Weakly compact sets and weakly compact pointwise multipliers in Banach function lattices

TL;DR

This paper characterizes Banach function lattices where weakly compact sets are equi-integrable, showing they are exactly the 1-disjointly homogeneous spaces, and applies these results to weakly compact pointwise multipliers.

Contribution

It establishes a precise equivalence between weakly compact sets and equi-integrability in Banach lattices, introduces new examples, and characterizes weakly compact multipliers.

Findings

Spaces satisfying Dunford-Pettis criterion are 1-disjointly homogeneous.

Dunford-Pettis criterion is equivalent to de la Vallée Poussin criterion in rearrangement invariant spaces.

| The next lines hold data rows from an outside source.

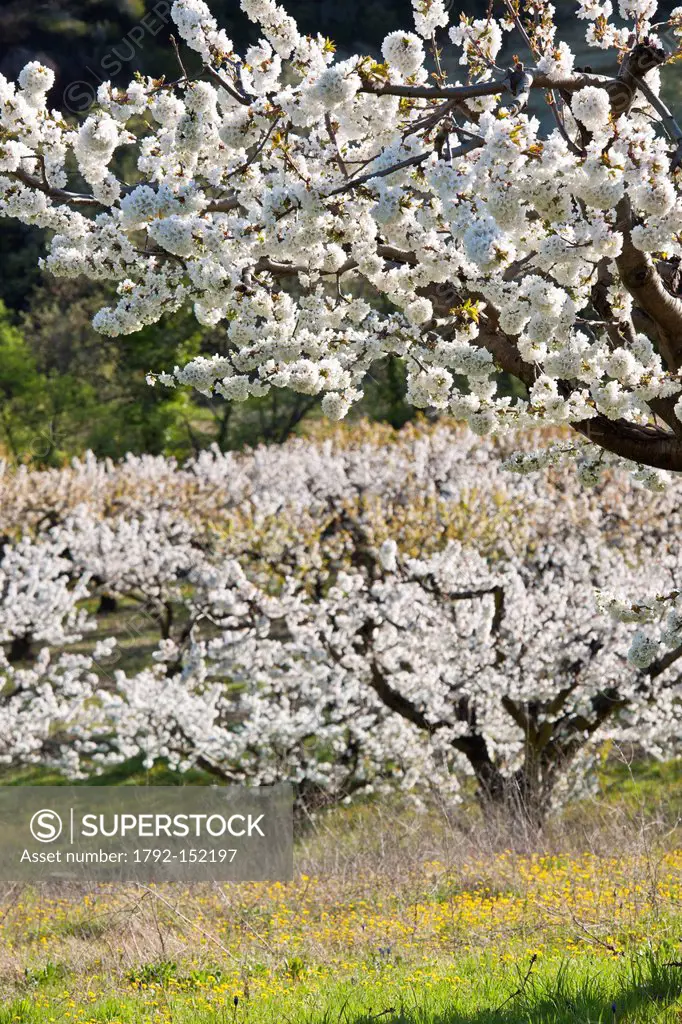 France, Vaucluse, Parc Naturel Regional du Luberon Natural Regional Park of Luberon, cherry blossom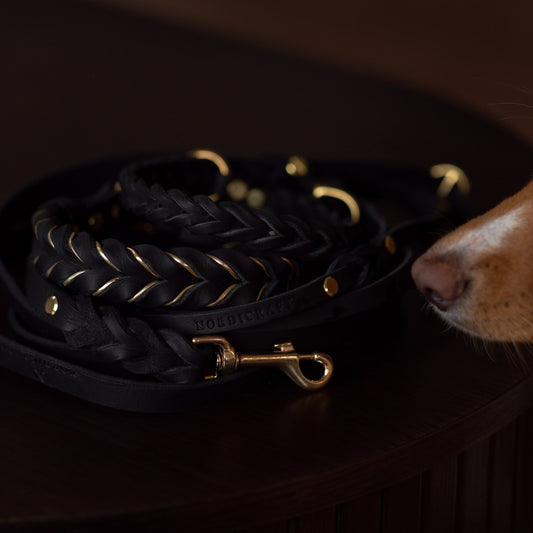 Halsband & Koppel - Svart Set 10 mm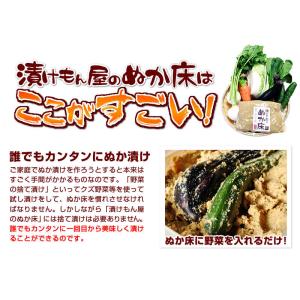 ぬか床 セット ぬか床3.2kg うまみの素超...の詳細画像5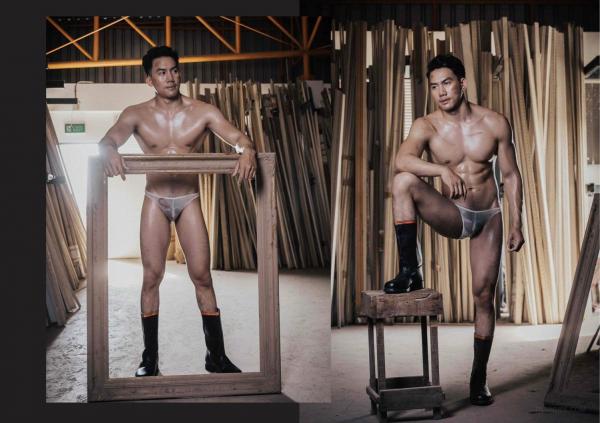 FOXX-02--The-Wood-Worker--EbookVideo-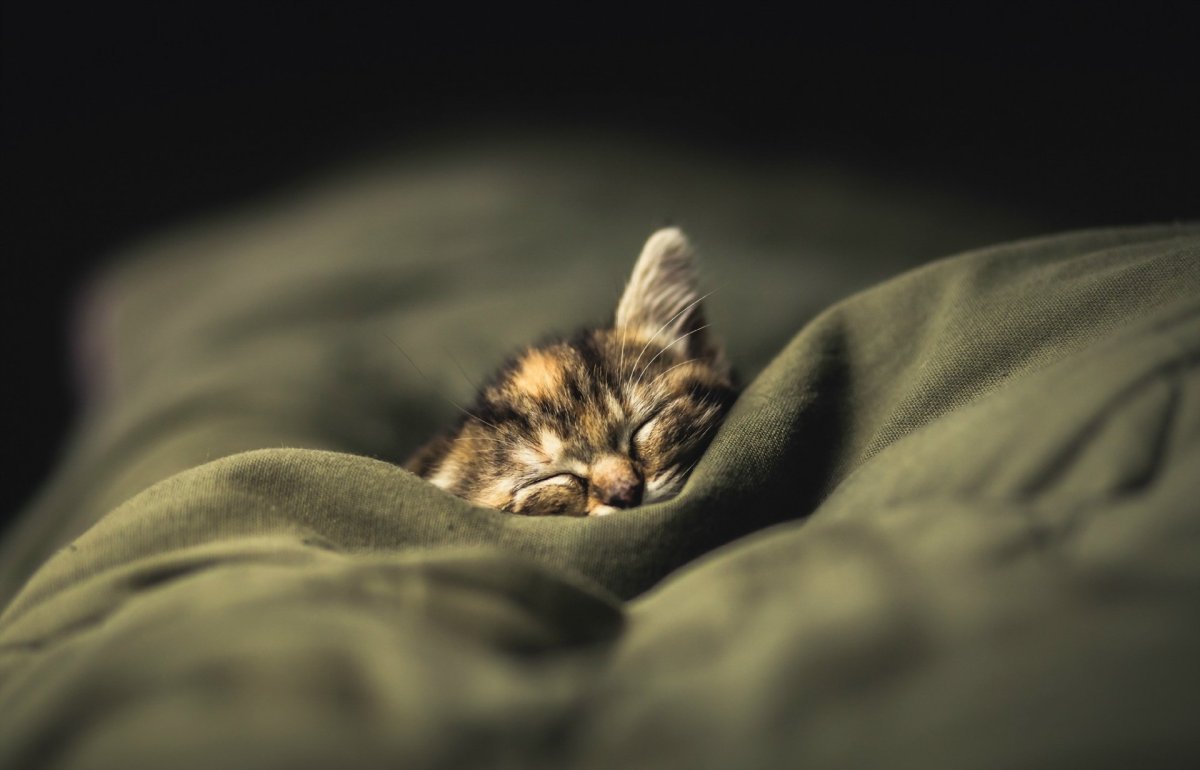 Котенок спит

Characterization of weakly compact pointwise multipliers between Banach function lattices.

Abstract

We prove that the class of Banach function lattices in which all relatively weakly compact sets are equi-integrable sets (i.e. spaces satisfying the Dunford-Pettis criterion) coincides with the class of 1-disjointly homogeneous Banach lattices. A new examples of such spaces are provided. Furthermore, it is shown that Dunford-Pettis criterion is equivalent to de la Vallee Poussin criterion in all rearrangement invariant spaces on the interval. Finally, the results are applied to characterize weakly compact pointwise multipliers between Banach function lattices.